A música serve para embelezar o silêncio em que vivemos. Seguindo o pensamento de John Cage, é impossível viver sem som. Após uma experiência numa câmara anecoica (à prova de som”, Cage descobriu que nunca se consegue estar num elemento totalmente desprovido de ondas sonoras. Ao entrar nessa câmara, John Cage ouvia dois sons muito distintos: um grave e um agudo. O grave correspondia ao pulsar do seu sangue, enquanto o agudo era o som do seu sistema nervoso em funcionamento.
A música está sempre à nossa volta. Ela preenche os silêncios das nossas vidas e há até vezes em que dá sentido aos nossos caminhos, como uma luz que os alumia. A Love Supreme de John Coltrane é uma dessas criações.
Em 1957, John Coltrane, saxofonista que tocou com nomes como Dizzy Gillespie, Miles Davis, Theolonius Monk e Charlie Parker, livra-se de vez do vício da heroína, que o acompanhava desde 1949. Segundo o músico, o que o fez ultrapassar esse grande cavalo branco foi uma experiência religiosa. Coltrane afirmava que passara por um acordar espiritual que o levou para uma vida mais cheia e produtiva e que, perante essa entidade luminosa, pediu que lhe fossem concedidos os meios para tornar os outros felizes através da sua música. A verdade é que Coltrane já fazia os outros felizes através da sua música – basta ouvir as geniais gravações realizadas com o quinteto de Miles Davis, para comprovar tal –, mas a sua genialidade criativa sobressai ainda mais a partir de 1958. Há três explicações plausíveis para este acontecimento: a) o largar a heroína; b) a experiência religiosa; c) ter tocado e aprendido com o brilhante Theolonius Monk. Seja qual destas hipóteses for, talvez sejam as três ao mesmo tempo, a verdade é que o músico que surge então vem renovado. Ouçam os excelentes Soultrane, Kind of Blue, Theolonious Monk & John Coltrane, ou Giant Steps (entre muitos outros) e perceberão a genialidade que irradiava de Coltrane nesta sua nova era.

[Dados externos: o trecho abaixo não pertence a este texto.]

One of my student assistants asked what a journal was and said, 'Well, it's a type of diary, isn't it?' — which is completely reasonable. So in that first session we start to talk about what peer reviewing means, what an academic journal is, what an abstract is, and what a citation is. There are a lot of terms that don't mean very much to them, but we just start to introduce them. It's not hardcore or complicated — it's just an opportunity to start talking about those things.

Acknowledgment. Resolution. Pursuance. Psalm.
São estas as palavras que dão o título às três partes em que está dividida a magnum opus que é o álbum A Love Supreme.
Este não é o típico disco que se coloca na aparelhagem e se ouve enquanto se arruma a sala. Para se ouvir esta peça da forma que ela deve e merece ser ouvida, precisamos de proceder a alguns passos. Primeiro, temos de ter a certeza de que não vamos ser interrompidos durante a audição, portanto não nos faz mal nenhum deixarmos o telemóvel de lado por uma hora, desligar o wi-fi e baixar os estores. Acendam as luzes para lerem as palavras que São Coltrane nos deixou impressas na parte interior da capa do disco. Percebam de onde vem a inspiração para o que a seguir vão ouvir. Absorvam a universalidade da mensagem – já que Coltrane não especifica quem é o deus a quem se dirige –, essa mensagem de amor e de beleza que Coltrane buscava incessantemente. Vejam a sinceridade nos agradecimentos e não deixem de admirar a lindíssima ilustração de Viktor Kalin que se encontra no interior.

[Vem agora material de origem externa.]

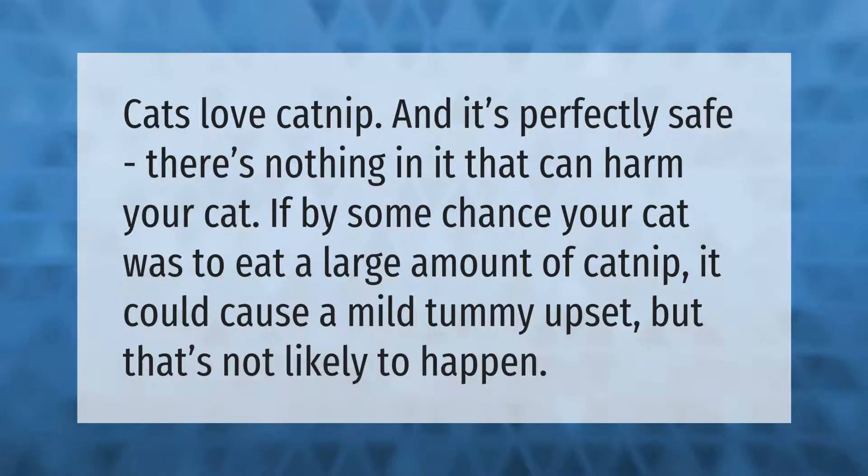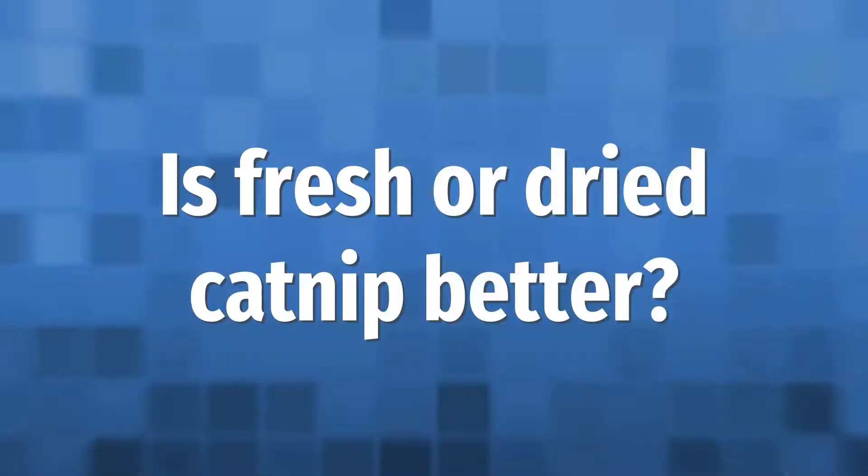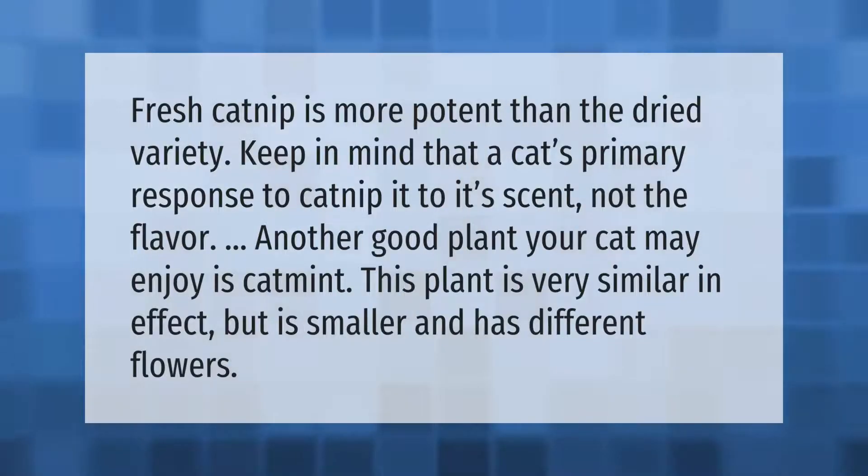Fresh catnip is more potent than the dried variety. Keep in mind that a cat's primary response to catnip is to its scent, not the flavor. Another good plant your cat may enjoy is catmint — this plant is very similar in effect but is smaller and has different flowers.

Podem agora apagar as luzes, ligar o gira-discos (este é um disco que não pode faltar em nenhuma biblioteca) e colocar o disco no prato. Lentamente desçam a agulha sobre o vinil e deixem-se embarcar na viagem espiritual, pessoal e musical que começaram agora mesmo.
O gongo de Elvin Jones informa-nos que a cerimónia está prestes a começar. A banda entra então progressivamente: os arpejos rápidos e certeiros de John Coltrane, os acordes do pianista McCoy Tyner, os toques rápidos e de intensidade variada nos pratos por parte de Elvin Jones e depois o mote dado pelo excelente baixista da banda: Jimmy Garrison. A melodia entoada pelo baixo acompanhar-nos-á ao longo desta primeira parte, dando o mote para aquele que é o mantra incutido por Coltrane.

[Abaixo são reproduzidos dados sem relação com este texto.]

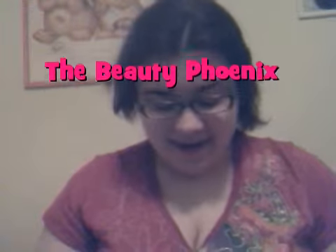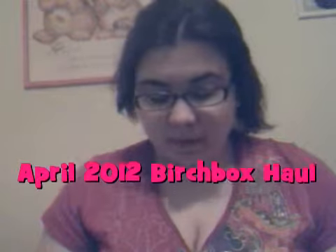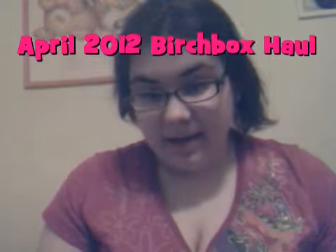Hey beauty lovers! Sorry, I haven't done a video in a while. As I said at the end of the announcement I posted earlier today, I will be doing more videos soon. I've just been going between school and work, but school will be over in like two weeks, so look forward to that.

Os três elementos da secção rítmica da banda começam por preparar caminho para deixar que o seu líder, de saxofone nas mãos, solte o seu rugido sob a forma de um solo. A acompanhar este solo, temos um ritmo de bateria hipnotizante que nos transporta para um mundo tribal, enquanto McCoy Tyner ataca as teclas de uma forma fervorosa, como se tivesse entrado em transe, e a linha de baixo pulsa por entre os sons que até nós chegam, fazendo-nos recordar a importância que o contrabaixo tem na ligação entre a banda. O solo de Coltrane varia entre o frenético e o tom mais relaxado, acabando por retomar o tema de quatro notas que nos foi apresentado pelo baixo no início da peça, desta vez tocado em diferentes tons, até que desagua na voz de Coltrane a cantar repetidamente o motivo «A love supreme, a love supreme, a love supreme». Um conjunto de palavras que serve tanto de mantra como qualquer «jai guru deva om». Lentamente a banda vai-se retirando. Primeiro é Coltrane que sai, deixando apenas a secção rítmica, saindo depois o piano e por fim a bateria, isolando no palco Jimmy Garrison e o seu contrabaixo, que tinham vindo a acompanhar a música, mas que agora têm lugar de destaque com um brilhante solo que faz a transição entre o «reconhecimento» e a «resolução».
A segunda parte da suite dá-se pelo título de «Resolution» e é introduzida pela continuação do solo de contrabaixo que terminou a parte anterior. Aos 20 segundos ouvimos um saxofone muito ao longe que nos anuncia que não tarda a chegar uma nova dinâmica, e ela chega sob a forma de um quarteto em sintonia. Piano, saxofone e bateria entram sem falhas para auxiliar o contrabaixo que continua num ritmo apressado e que manterá um groove esplêndido até ao final da peça. Coltrane é o primeiro a solar, mostrando-se resoluto na sua procura, em busca da perfeição tão desejada. O solo de Coltrane dá depois lugar a um belíssimo solo de McCoy Tyner que nos leva a uma viagem pelo seu teclado, caminhando desde o típico blues americano até aos sons mais influenciados pelas escalas orientais, sem nunca perder o fio condutor. Ouçam o bater incessante de Elvin Jones, que parece completamente possuído, acertando em todas os componentes da sua bateria como se não houvesse um amanhã – ou um outro take. ‘Trane volta à carga, com um solo ainda mais expressivo e agressivo, retomando o tema do início da sua deliberação, que cada vez parece ser mais convicta.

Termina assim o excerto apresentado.